Wednesday, September 1, 2021

WHAT IS MEAN BY KYC?

In this article we are going to see about KYC... 



KYC (Know Your Customer) is today a significant element in the fight against financial crime and money laundering, and customer identification is the most critical aspect as it is the first step to better perform in the other stages of the process.

The global anti-money laundering (AML) and countering the financing of terrorism (CFT) landscape raise tremendous stakes for financial institutions. 

International regulations influenced by standards like The Financial Action Task Force (FATF) are now implemented in national laws encompassing strong directives like AML 4 and 5 and preventive measures like "KYC" for client identification.

Let's start with a definition of KYC and eKYC and discover how advanced ID verification systems can better support KYC processes.


What is KYC?

KYC means Know Your Customer and sometimes Know Your Client.

KYC or KYC check is the mandatory process of identifying and verifying the client's identity when opening an account and periodically over time.

In other words, banks must make sure that their clients are genuinely who they claim to be.

Banks may refuse to open an account or halt a business relationship if the client fails to meet minimum KYC requirements. 


Why is the KYC process important?



KYC procedures defined by banks involve all the necessary actions to ensure their customers are real, assess, and monitor risks.

These client-onboarding processes help prevent and identify money laundering, terrorism financing, and other illegal corruption schemes.

KYC process includes ID card verification, face verification, document verification such as utility bills as proof of address, and biometric verification.

Banks must comply with KYC regulations and anti-money laundering regulations to limit fraud. KYC compliance responsibility rests with the banks. 

In case of failure to comply, heavy penalties can be applied.

In the U.S., Europe, the Middle East, and the Asia Pacific, a cumulated USD26 billion in fines have been levied for non-compliance with AML, KYC, and sanctions-fines the past ten years (2008-2018) - let alone the reputational damage done and not measured.

KYC documents

KYC checks are done through an independent and reliable source of documents, data, or information.

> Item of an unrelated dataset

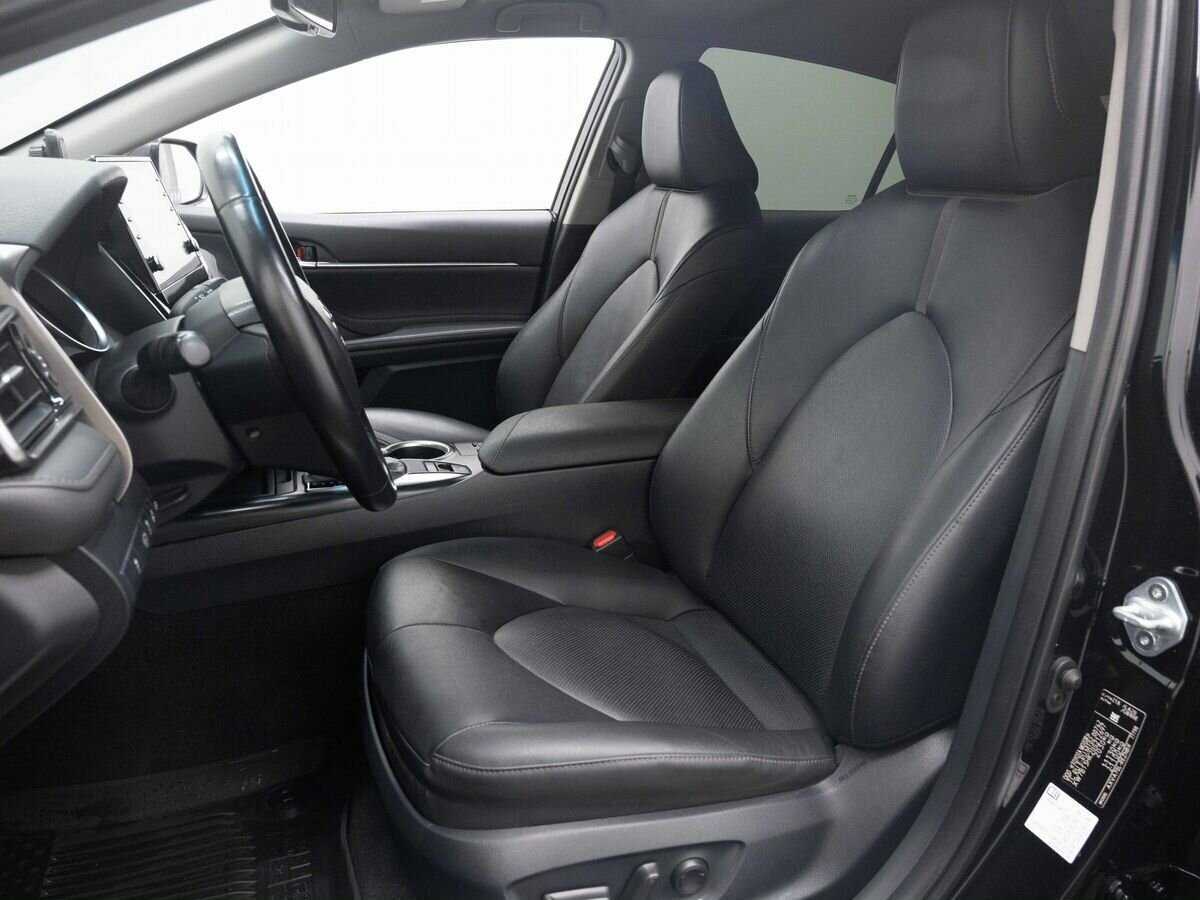 Toyota Camry с пробегом — 2021 год. Фото: #9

Each client is required to provide credentials to prove identity and address.

In May 2018, the U.S. Financial Crimes Enforcement Network (FinCEN) - added a new requirement for banks to verify the identity of natural persons of legal entity customers who own, control and profit from companies when those organizations open accounts.

Bottom line: when a corporate company opens a new account, it will have to provide Social Security numbers and copies of a photo ID and passports for their employees, board members, and shareholders. 

KYC and Customer Due Diligence measures




The KYC policy is a mandatory framework for banks and financial institutions used for the customer identification process. Its origin stems from the 2001 Title III of the Patriot Act to provide various tools to prevent terrorist activities.

To comply with international regulations against money laundering and terrorist financing, reinforced Know Your Customer procedures need to be implemented in the first stage of any business relationship when enrolling a new customer.

Banks usually frame their KYC policies incorporating the following four key elements:

  • Customer Policy
  • Customer Identification Procedures (data collection, identification, verification, politically exposed person/sanctions lists check) aka Customer Identification Program (CIP)
  • Risk assessment and management (due diligence, part of the KYC process)
  • Ongoing monitoring and record-keeping 

This involves verifying a customer's identity through documents, including a national ID Document with a document reader and advanced document verification software. 

From visual ID check to digital verification

For some, this is still primarily a paper-based check with KYC forms to fill. See examples here.

For others, it's a digital process that involves verifying that an identity document is genuine or even going further to authenticate the holder of the document through additional biometric checks such as facial or fingerprint checks.

digital ID verification process enables a bank to automatically capture customer demographic data, which can be integrated into enterprise systems like CRM to:

  • streamline the customer onboarding process, 
  • conduct further due diligence and risk assessment,
  • review for PEPs (Politically Exposed Persons).

Financial institutions must also maintain records on transactions and Information obtained through the Customer Due Diligence measures.

These requirements should apply to all new customers and also to existing customers based on materiality and risk.